- [Task statement] Transcribe the full listing word for word, leaving nothing out.
★ ★ ★ ★
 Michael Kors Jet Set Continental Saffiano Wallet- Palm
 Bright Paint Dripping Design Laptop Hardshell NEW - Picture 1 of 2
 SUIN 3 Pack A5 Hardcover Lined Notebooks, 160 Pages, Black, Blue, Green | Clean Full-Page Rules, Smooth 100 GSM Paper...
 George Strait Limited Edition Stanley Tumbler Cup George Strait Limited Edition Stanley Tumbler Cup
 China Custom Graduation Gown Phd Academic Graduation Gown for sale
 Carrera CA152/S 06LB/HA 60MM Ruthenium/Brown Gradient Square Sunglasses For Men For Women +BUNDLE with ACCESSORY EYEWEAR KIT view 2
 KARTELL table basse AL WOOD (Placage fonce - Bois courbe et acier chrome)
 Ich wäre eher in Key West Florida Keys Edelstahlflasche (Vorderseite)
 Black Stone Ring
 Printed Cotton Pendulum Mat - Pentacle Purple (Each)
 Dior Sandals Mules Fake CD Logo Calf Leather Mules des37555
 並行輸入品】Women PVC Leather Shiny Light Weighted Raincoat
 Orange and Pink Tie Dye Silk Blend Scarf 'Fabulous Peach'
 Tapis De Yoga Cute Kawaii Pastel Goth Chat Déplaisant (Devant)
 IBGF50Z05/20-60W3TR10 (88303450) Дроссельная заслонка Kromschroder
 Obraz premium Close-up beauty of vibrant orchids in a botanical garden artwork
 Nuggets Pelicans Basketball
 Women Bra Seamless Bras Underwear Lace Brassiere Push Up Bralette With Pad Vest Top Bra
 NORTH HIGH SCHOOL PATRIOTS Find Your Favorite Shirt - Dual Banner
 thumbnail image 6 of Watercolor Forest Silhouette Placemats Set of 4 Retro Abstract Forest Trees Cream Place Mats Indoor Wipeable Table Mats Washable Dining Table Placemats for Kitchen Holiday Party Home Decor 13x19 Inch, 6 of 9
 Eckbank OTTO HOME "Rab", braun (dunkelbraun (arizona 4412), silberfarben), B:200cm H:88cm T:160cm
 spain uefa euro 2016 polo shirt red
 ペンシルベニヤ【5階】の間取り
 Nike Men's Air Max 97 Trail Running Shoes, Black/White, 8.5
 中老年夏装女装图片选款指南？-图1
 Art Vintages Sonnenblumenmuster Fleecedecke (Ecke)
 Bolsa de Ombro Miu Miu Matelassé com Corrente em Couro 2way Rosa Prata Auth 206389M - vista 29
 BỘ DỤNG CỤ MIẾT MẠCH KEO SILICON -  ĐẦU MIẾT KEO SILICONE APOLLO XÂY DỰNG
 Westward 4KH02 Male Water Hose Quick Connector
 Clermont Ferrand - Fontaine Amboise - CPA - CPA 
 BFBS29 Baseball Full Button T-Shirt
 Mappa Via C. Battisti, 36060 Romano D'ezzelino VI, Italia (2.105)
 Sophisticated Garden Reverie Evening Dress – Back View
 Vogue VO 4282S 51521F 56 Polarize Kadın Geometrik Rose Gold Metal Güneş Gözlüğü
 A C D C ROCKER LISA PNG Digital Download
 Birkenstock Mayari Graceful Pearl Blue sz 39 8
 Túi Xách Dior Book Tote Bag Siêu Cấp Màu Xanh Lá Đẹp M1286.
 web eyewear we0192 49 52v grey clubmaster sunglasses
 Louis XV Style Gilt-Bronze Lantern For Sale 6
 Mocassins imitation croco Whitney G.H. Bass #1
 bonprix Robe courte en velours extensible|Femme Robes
★ ★ ★ ★
- [The completed task]
 Michael Kors Jet Set Continental Saffiano Wallet- Palm
 Bright Paint Dripping Design Laptop Hardshell NEW - Picture 1 of 2
 SUIN 3 Pack A5 Hardcover Lined Notebooks, 160 Pages, Black, Blue, Green | Clean Full-Page Rules, Smooth 100 GSM Paper...
 George Strait Limited Edition Stanley Tumbler Cup George Strait Limited Edition Stanley Tumbler Cup
 China Custom Graduation Gown Phd Academic Graduation Gown for sale
 Carrera CA152/S 06LB/HA 60MM Ruthenium/Brown Gradient Square Sunglasses For Men For Women +BUNDLE with ACCESSORY EYEWEAR KIT view 2
 KARTELL table basse AL WOOD (Placage fonce - Bois courbe et acier chrome)
 Ich wäre eher in Key West Florida Keys Edelstahlflasche (Vorderseite)
 Black Stone Ring
 Printed Cotton Pendulum Mat - Pentacle Purple (Each)
 Dior Sandals Mules Fake CD Logo Calf Leather Mules des37555
 並行輸入品】Women PVC Leather Shiny Light Weighted Raincoat
 Orange and Pink Tie Dye Silk Blend Scarf 'Fabulous Peach'
 Tapis De Yoga Cute Kawaii Pastel Goth Chat Déplaisant (Devant)
 IBGF50Z05/20-60W3TR10 (88303450) Дроссельная заслонка Kromschroder
 Obraz premium Close-up beauty of vibrant orchids in a botanical garden artwork
 Nuggets Pelicans Basketball
 Women Bra Seamless Bras Underwear Lace Brassiere Push Up Bralette With Pad Vest Top Bra
 NORTH HIGH SCHOOL PATRIOTS Find Your Favorite Shirt - Dual Banner
 thumbnail image 6 of Watercolor Forest Silhouette Placemats Set of 4 Retro Abstract Forest Trees Cream Place Mats Indoor Wipeable Table Mats Washable Dining Table Placemats for Kitchen Holiday Party Home Decor 13x19 Inch, 6 of 9
 Eckbank OTTO HOME "Rab", braun (dunkelbraun (arizona 4412), silberfarben), B:200cm H:88cm T:160cm
 spain uefa euro 2016 polo shirt red
 ペンシルベニヤ【5階】の間取り
 Nike Men's Air Max 97 Trail Running Shoes, Black/White, 8.5
 中老年夏装女装图片选款指南？-图1
 Art Vintages Sonnenblumenmuster Fleecedecke (Ecke)
 Bolsa de Ombro Miu Miu Matelassé com Corrente em Couro 2way Rosa Prata Auth 206389M - vista 29
 BỘ DỤNG CỤ MIẾT MẠCH KEO SILICON -  ĐẦU MIẾT KEO SILICONE APOLLO XÂY DỰNG
 Westward 4KH02 Male Water Hose Quick Connector
 Clermont Ferrand - Fontaine Amboise - CPA - CPA 
 BFBS29 Baseball Full Button T-Shirt
 Mappa Via C. Battisti, 36060 Romano D'ezzelino VI, Italia (2.105)
 Sophisticated Garden Reverie Evening Dress – Back View
 Vogue VO 4282S 51521F 56 Polarize Kadın Geometrik Rose Gold Metal Güneş Gözlüğü
 A C D C ROCKER LISA PNG Digital Download
 Birkenstock Mayari Graceful Pearl Blue sz 39 8
 Túi Xách Dior Book Tote Bag Siêu Cấp Màu Xanh Lá Đẹp M1286.
 web eyewear we0192 49 52v grey clubmaster sunglasses
 Louis XV Style Gilt-Bronze Lantern For Sale 6
 Mocassins imitation croco Whitney G.H. Bass #1
 bonprix Robe courte en velours extensible|Femme Robes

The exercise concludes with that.